- **Exercise goal**: Repeat each entry exactly. Drop every image.

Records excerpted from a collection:
################
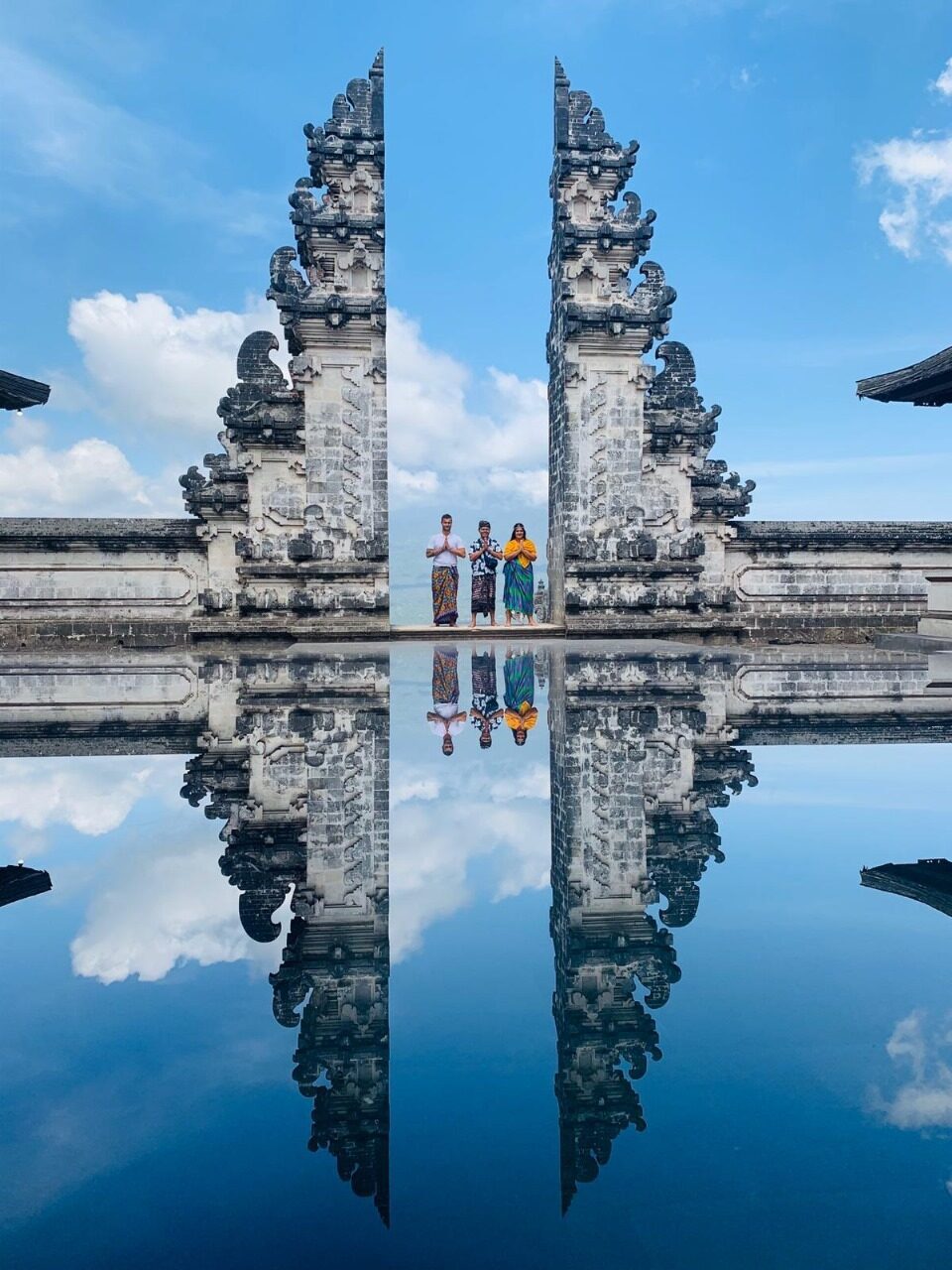 The shot you've seen: the split gate mirrored below Mount Agung. There is no pool — the 'reflection' is a phone held over a small mirror, and it comes with a two-to-three-hour queue in high season.
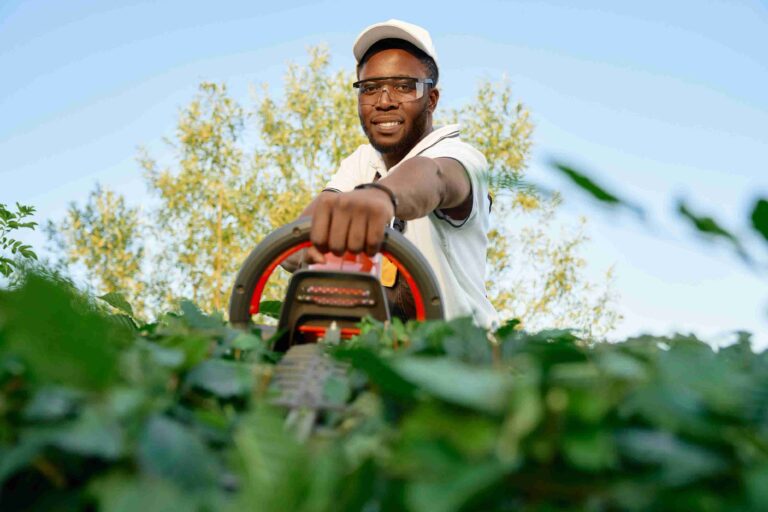 portrait-cheerful-african-man-pruning-hedge-with-trimmer_11zon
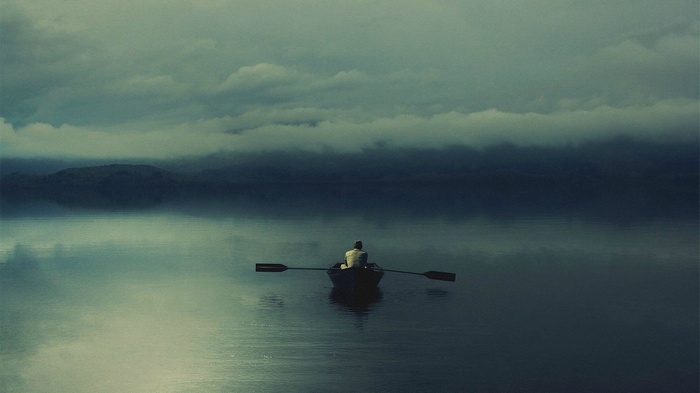 Man rowing a boat on a misty lake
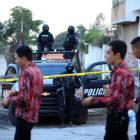 Policemen keep watch on the perimeter of a scene where a leader of the Beltran Leyva cartel was...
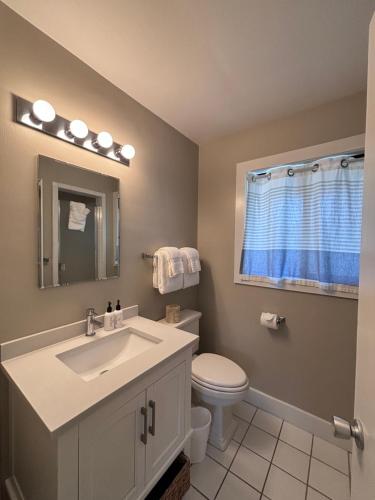 a bathroom with a sink and a toilet at Hidden Valley Inn in Carmel Valley
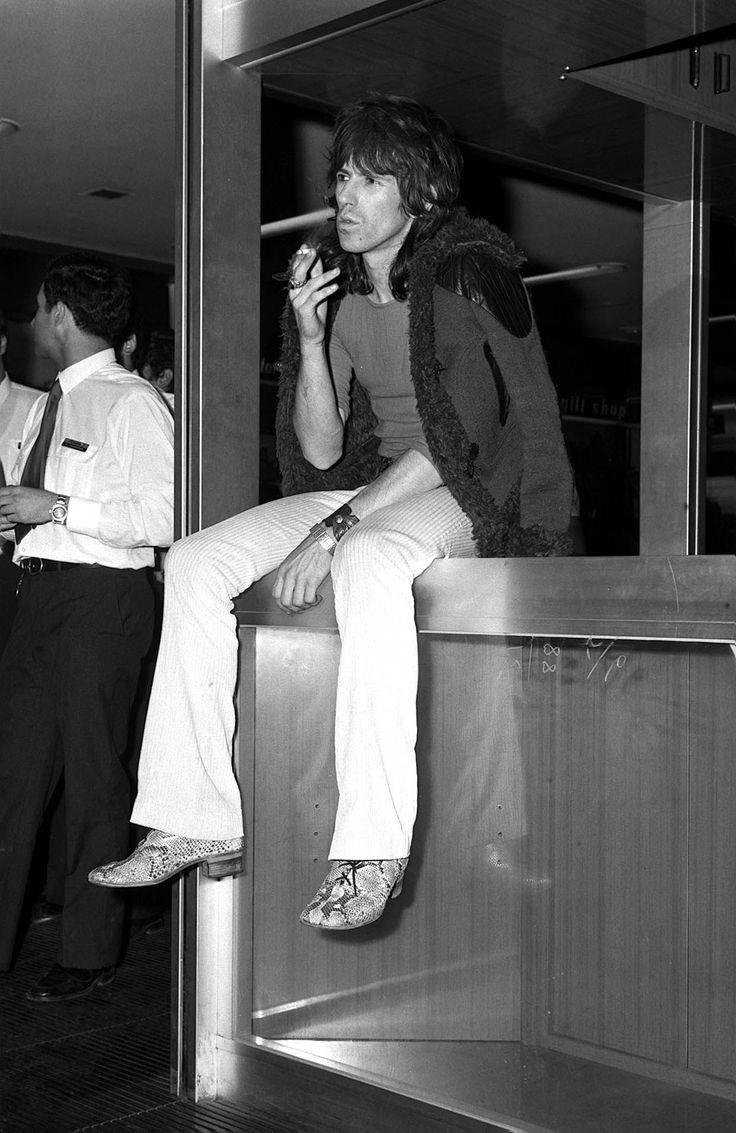 Keith Richards smoking a cigarette at the airport in the early 70s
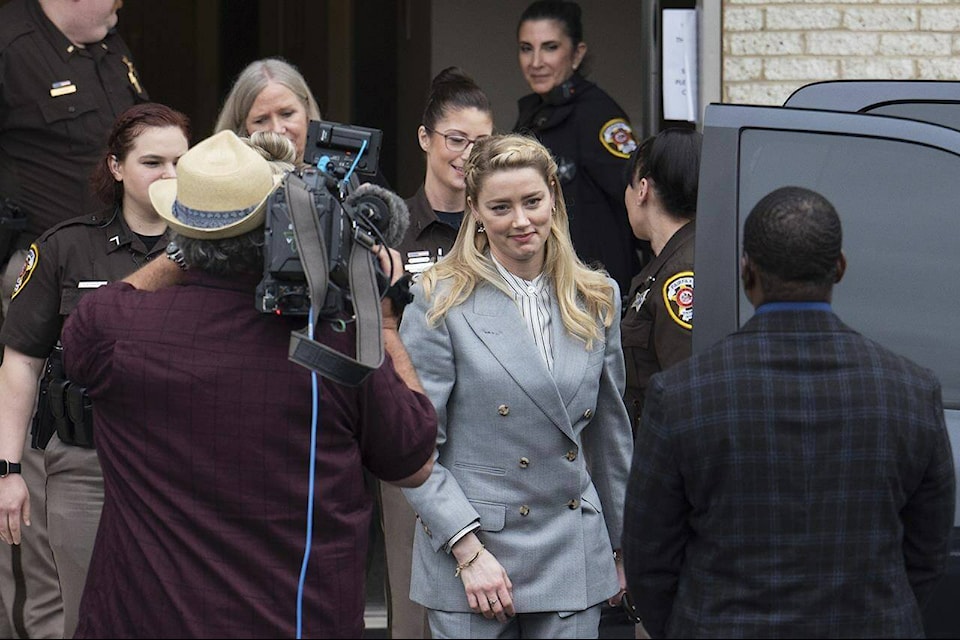 Actress Amber Heard departs the Fairfax County Courthouse Friday, May 27, 2022 in Fairfax, Va. A jury heard closing arguments in Johnny Depp’s high-profile libel lawsuit against ex-wife Amber Heard. Lawyers for Johnny Depp and Amber Heard made their closing arguments to a Virginia jury in Depp’s civil suit against his ex-wife.(AP Photo/Craig Hudson)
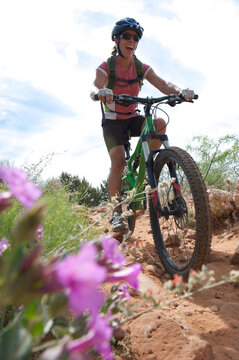 Woman rides the Templeton Trail in South Sedona, Arizona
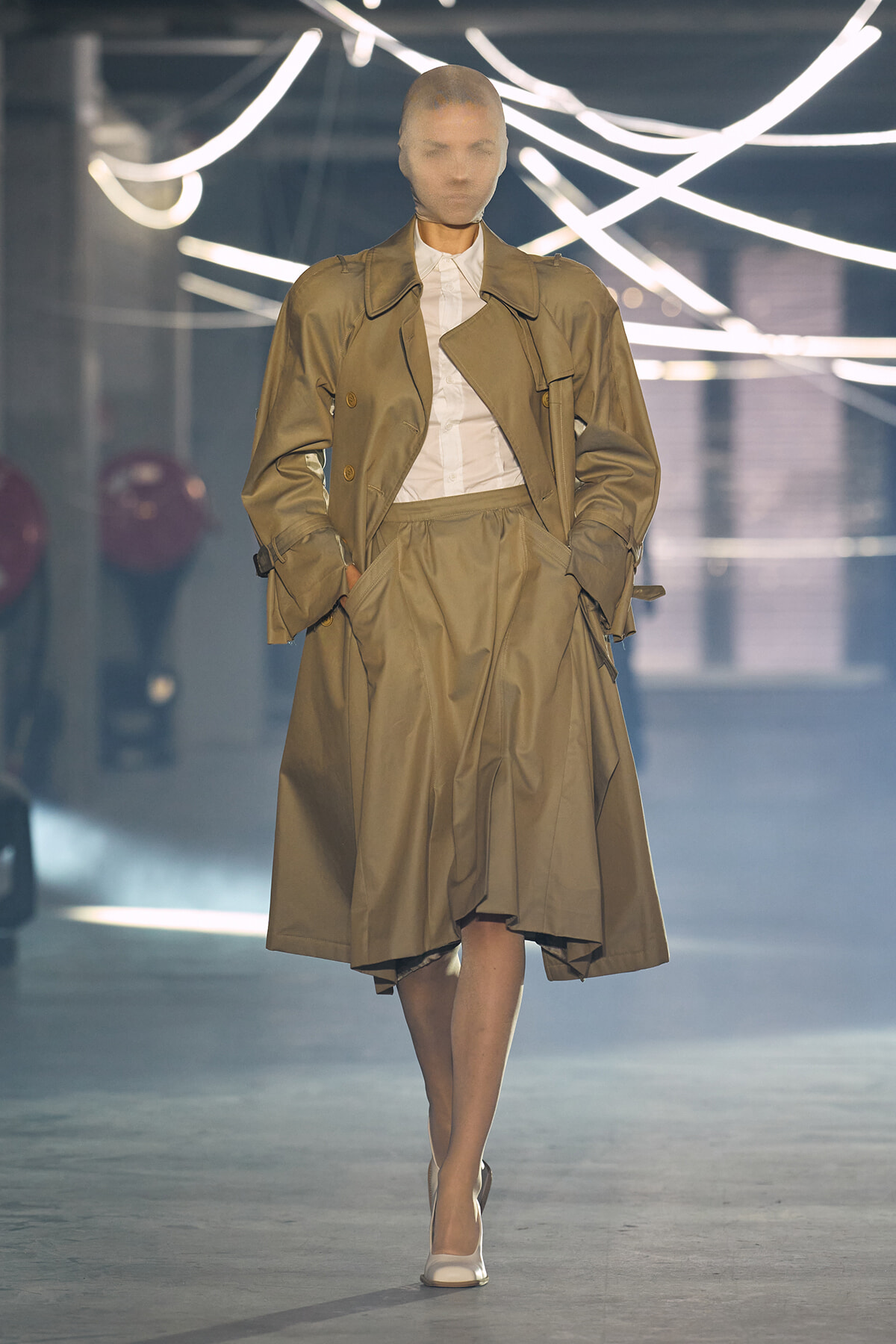 Model walks the runway in a tan trench coat over a white shirt and midi skirt, hands in pockets, white heels.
################
- **Final answer**:
 The shot you've seen: the split gate mirrored below Mount Agung. There is no pool — the 'reflection' is a phone held over a small mirror, and it comes with a two-to-three-hour queue in high season.
 portrait-cheerful-african-man-pruning-hedge-with-trimmer_11zon
 Man rowing a boat on a misty lake
 Policemen keep watch on the perimeter of a scene where a leader of the Beltran Leyva cartel was...
 a bathroom with a sink and a toilet at Hidden Valley Inn in Carmel Valley
 Keith Richards smoking a cigarette at the airport in the early 70s
 Actress Amber Heard departs the Fairfax County Courthouse Friday, May 27, 2022 in Fairfax, Va. A jury heard closing arguments in Johnny Depp’s high-profile libel lawsuit against ex-wife Amber Heard. Lawyers for Johnny Depp and Amber Heard made their closing arguments to a Virginia jury in Depp’s civil suit against his ex-wife.(AP Photo/Craig Hudson)
 Woman rides the Templeton Trail in South Sedona, Arizona
 Model walks the runway in a tan trench coat over a white shirt and midi skirt, hands in pockets, white heels.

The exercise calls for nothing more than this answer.